In a report titled India Outlook: Searching for Potential, Moody's Analytics said for the country to reach its growth potential it has to deliver the promised reforms.
"Undoubtedly, numerous political outcomes will dictate the extent of success," it said.
The ruling BJP does not have a majority in the Rajya Sabha and crucial reforms bills has been met with an obstructionist opposition.
"But in recent times, the government also hasn't helped itself, with controversial comments from various BJP members."
While Modi has largely distanced himself from the nationalist jibes, the belligerent provocation of various Indian minorities has raised ethnic tensions.
"Along with a possible increase in violence, the government will face stiffer opposition in the upper house as debate turns away from economic policy. Modi must keep his members in check or risk losing domestic and global credibility," Moody's said.
It projected that India's GDP growth for September quarter at 7.3 per cent, while for the full fiscal it would be 7.6 per cent.

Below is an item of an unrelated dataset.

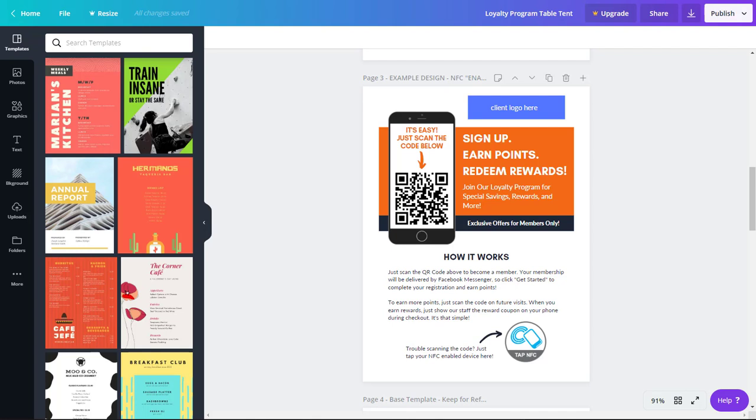NFC stands for Near Field Communication. It's basically a very tiny antenna with a little bit of storage capacity. When you tap a device that can read these antennas, you can transmit data back and forth, and do all kinds of cool stuff like open up websites, share business card or contact information, and more. We'll explore these a lot more with the bots going forward.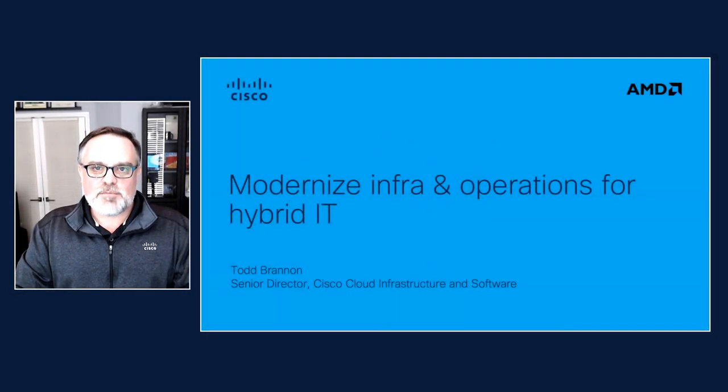Hi. Welcome to the Cisco breakout session. I'm Todd Brannan. Let's dive right in. I've got some exciting news to share with you today.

"Key economic reforms could deliver greater potential GDP, as they would improve India's productive capacity. These include the land acquisition bill, a national goods and service tax, and revamped labour laws. They are unlikely to pass through Parliament in 2015, but there is an even chance of success in 2016," Moody's said.
As regards interest rates, it said low rates will buttress the economy in the short-term but reforms are needed to reach long-term potential growth.
The Reserve Bank kick-started the recovery by cutting the repo rate by 1.25 per cent this year.
It said positive signs are emerging with the State Bank of India, the nation's largest bank, cut its base lending rate earlier this month.
"Capacity utilisation has been low across industries this year. The capital expenditure pipeline is running dry.
However, interest rate cuts should encourage investment, as will the softer inflation profile," it added.